Saint Helena is a small island in the South Atlantic Ocean which is part of the British overseas territory of Saint Helena, Ascension and Tristan da Cunha. The currency of the island is the Saint Helena pound, fixed at parity with the pound sterling. The island has authorised some private mints to issue coins under its jurisdiction, which come in a variety of sizes - including in the popular gold ounce (1 oz gold) format, denominated as £5.
The Mint says about this coin:
Queen Victoria was William Wyon’s most famous subject, and it seems the Queen appreciated his work, telling Wyon that “you always represent me favourably”. When a new portrait was commissioned to celebrate the tenth Anniversary of Victoria’s coronation in 1847, William Wyon, as Chief Engraver of The Royal Mint and with royal approval on his side, was the natural choice. In a break from his previous Neoclassical style, Wyon’s new portrait was influenced by the Gothic Revival of the mid 19th Century.

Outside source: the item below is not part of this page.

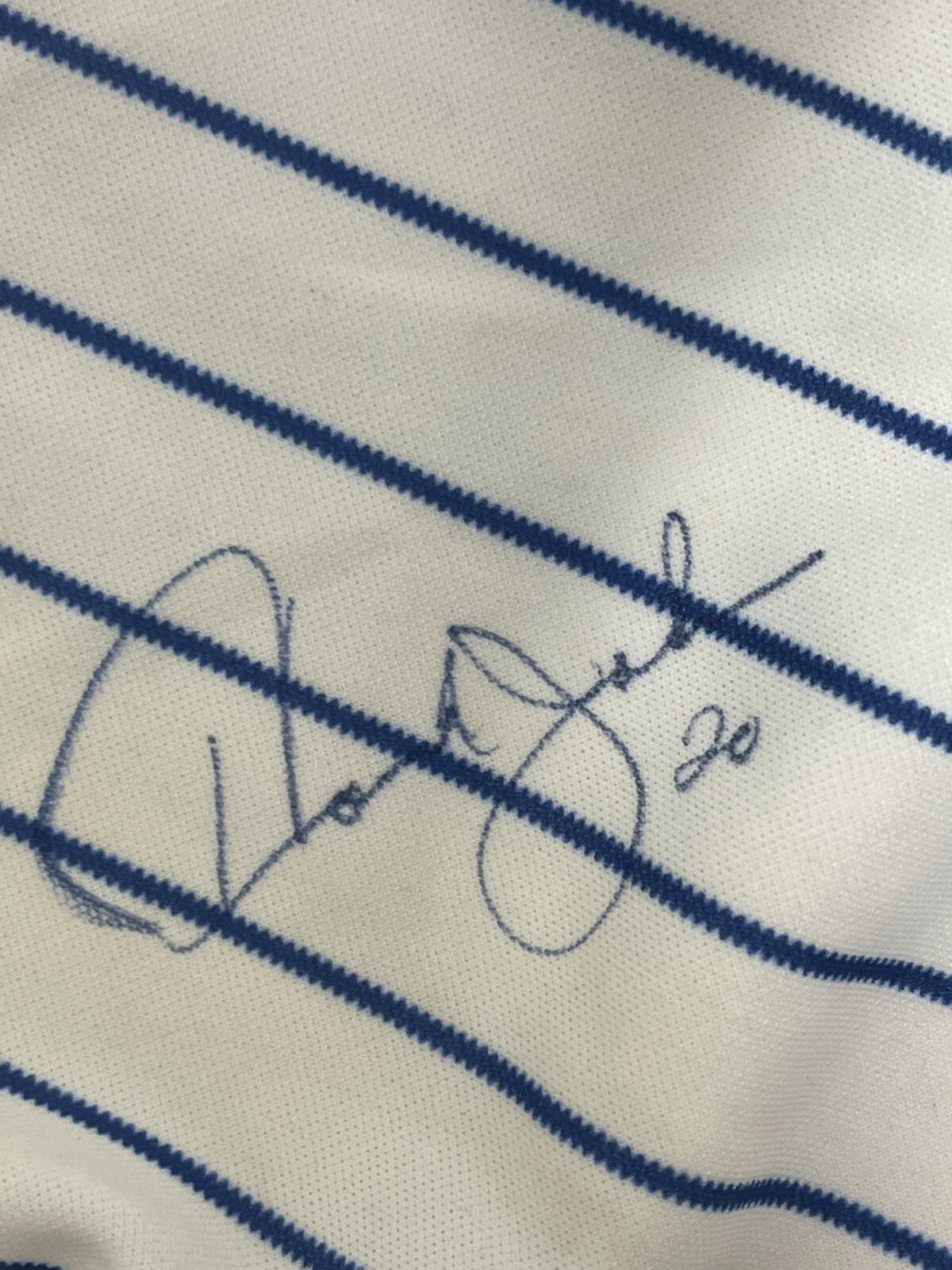 Howard Johnson Signed 1990 New York Mets Game Used Baseball Pants JSA COA Set 11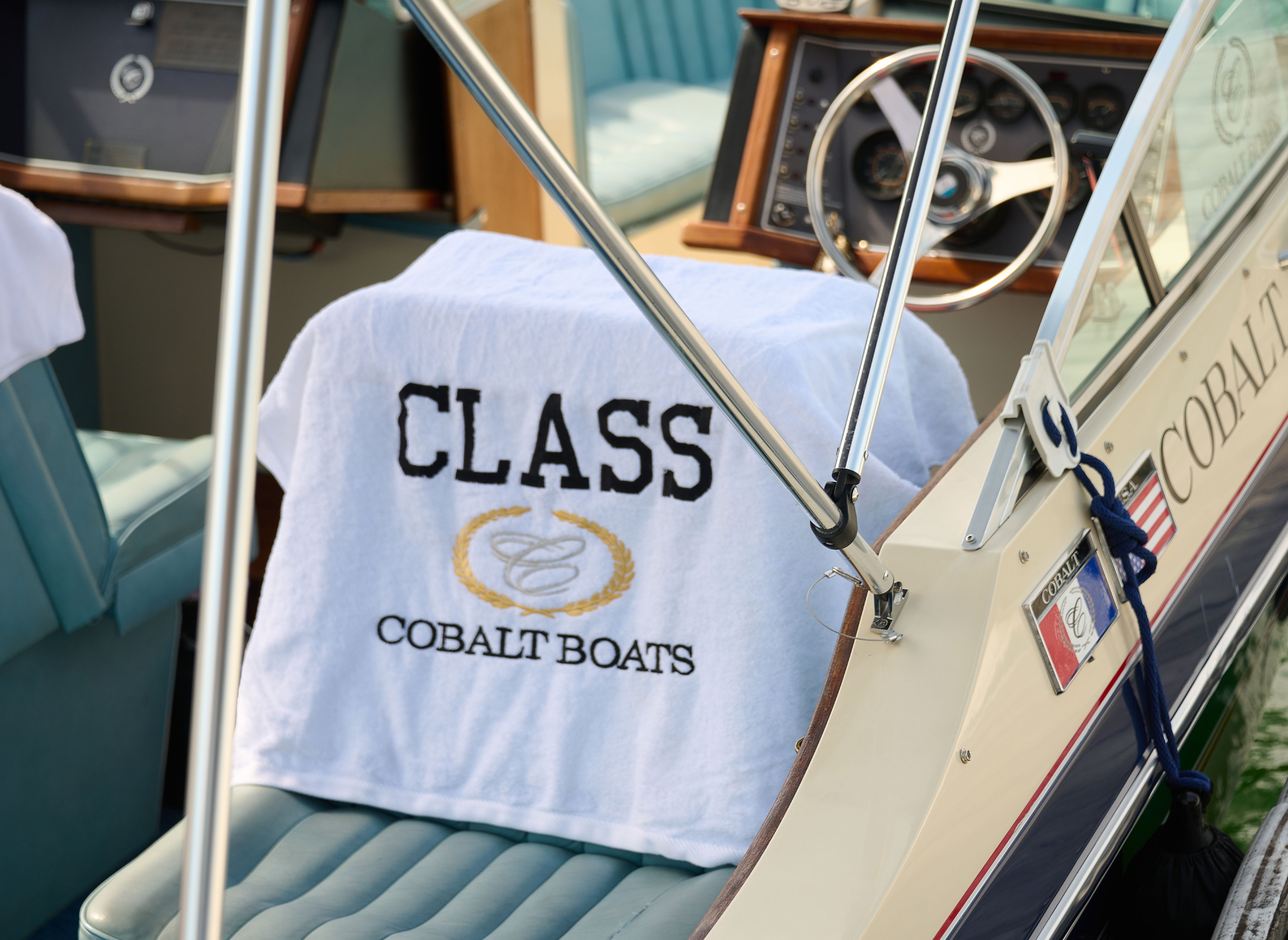 old Cobalt Boat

The 1847 "Gothic Crown" was a work of art, created in a popular new style, issued as a very limited edition of just 8,000 pieces, making it highly coveted by collectors but usually beyond the reach and means of all but a fortunate few. The East India Company is delighted to make it available to the modern collector, faithfully remastered for this 2022 Masterpiece Collection limited-edition Gold Proof 1oz Coin using the human touch of expert hand craftsmanship and the precision of modern minting technology.
Our third coin release of The East India Company Masterpiece Collection originally designed by the famous English engraver William Wyon in partnership with William Dyce highlights the designs in exquisite detail.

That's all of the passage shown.